Jul 09 2024
Permaculture – a fertile soil for society and science
From 26. to 28. June 2024 we took part in the 10th Living Knowlegde conference at the University of Girona (Spain), where we presented our permaculture project. If you click on the poster image, you can download a higher resolution image (PNG, 7 MiB), with readable text:-) Additionally you can read an earlier, more detailed text about Finca Leukeña here, and the briefer abstract submitted to the conference follows:
We report on an agricultural project (Finca Leukeña) in the far south of Spain, in which a bare, dry avocado plantation has been transformed into a fertile food forest since 2015. This transformation is guided by the principles of permaculture, which aims at PERMAnent, agriCULTURurally productive ecosystems. This includes techniques like mulching, green manure, fermentation, charcoal, terra preta. These are applicable regardless of the climate zone and, thanks to their simplicity, accessible to all gardeners.

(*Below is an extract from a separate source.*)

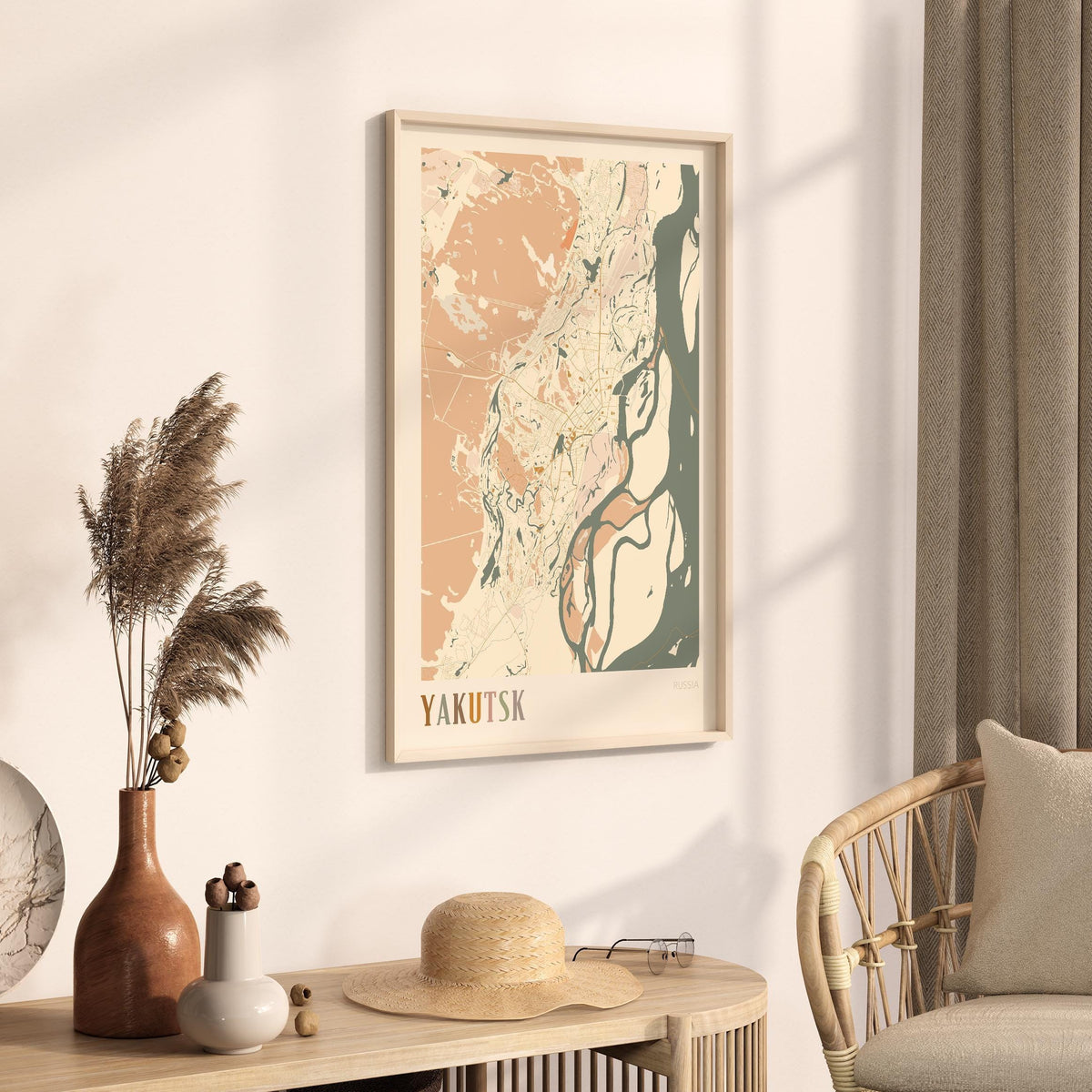 yakutsk russia map poster - image 2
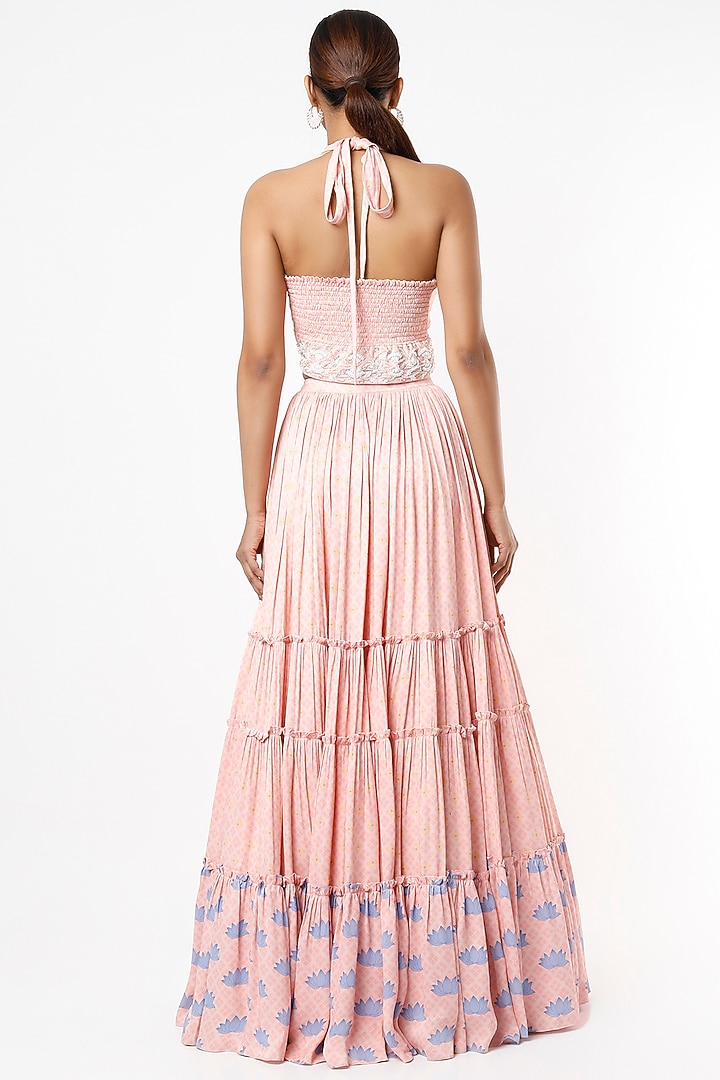 Peach Viscose & Satin Layered Printed Skirt Set by VANA ETHNICS at Pernia's Pop Up Shop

Sustainable food production is the basis of a sustainable civilization. It is well known, at least since „The Limits to Growth“ (1972), that the (capitalist, industrial) civilization we live in is not sustainable at all. Permaculture is a tried and tested alternative to industrial agriculture, but initiatives striving to use it in order to improve the ecological situation are faced with difficult surrounding conditions:
- permanent access to land (ownership),
- bureaucratic restrictions on the reuse of biomass and the distribution of the harvest,
- dynamics of the food markets, i.e. capital concentration in ownership, production, processing and distribution,
- dominance of the mineral fertilizer theory of plant nutrition in science.
Despite the problems, many experiments using permaculture’s principles and techniques are being performed, and their results literally call for systematic support from science:
- research in the area of soil life, and of permaculture in general (microbiology, botany, ecology, geography, anthropolgy, …),
- systematizing the knowledge gained by practitioners and making it available to multipliers and the general population,
- field studies, done especially by younger people (living and working with and within nature provides a deeper understanding of its complexity (and beauty), an experience of practical, social impact along their scientific activity, and a solid foundation for their vision of a sustainable society).
There are movements and organizations in society that implement co-operative and ecologically oriented modes of agriculture, like CSA (community supported agriculture) and biological farming. Permaculture is able to extend their approaches, e.g. to improve bio-diversity and climate mitigation/protection.